EXERCISE BRIEF | Retype all of the listing exactly, with no pictures.

SUPPLIED INFORMATION |
# # # # # # #

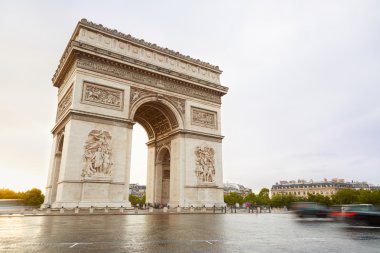 sabah, Fransa Paris Arc de Triomphe'ye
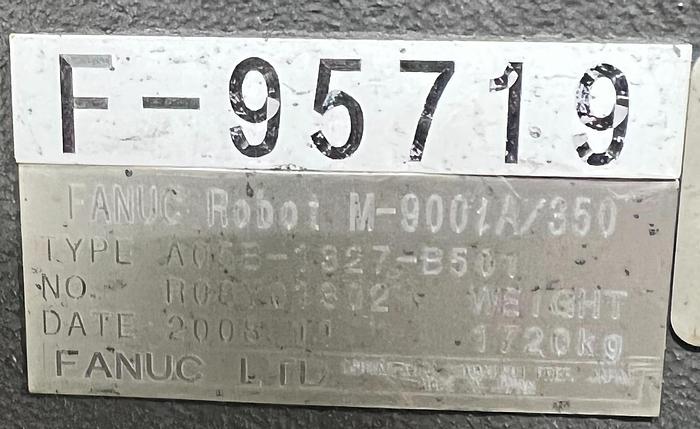Used FANUC M900iA/350 6 AXIS ROBOT WITH R30iA CONTROLLER AND SERVO SPOT WELD GUN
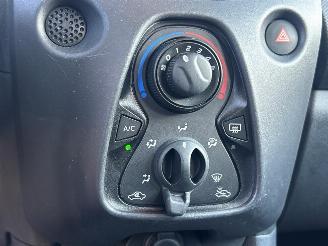Toyota Aygo 1.0 VVT-i x-fun picture 26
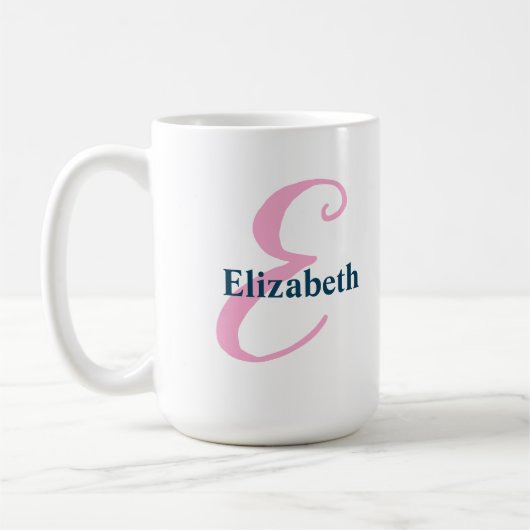 Gepersonaliseerde roze monogram letter E Aangepast Koffiemok (Links)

# # # # # # #

SOLUTION TO THIS EXERCISE |
 sabah, Fransa Paris Arc de Triomphe'ye
Used FANUC M900iA/350 6 AXIS ROBOT WITH R30iA CONTROLLER AND SERVO SPOT WELD GUN
Toyota Aygo 1.0 VVT-i x-fun picture 26
 Gepersonaliseerde roze monogram letter E Aangepast Koffiemok (Links)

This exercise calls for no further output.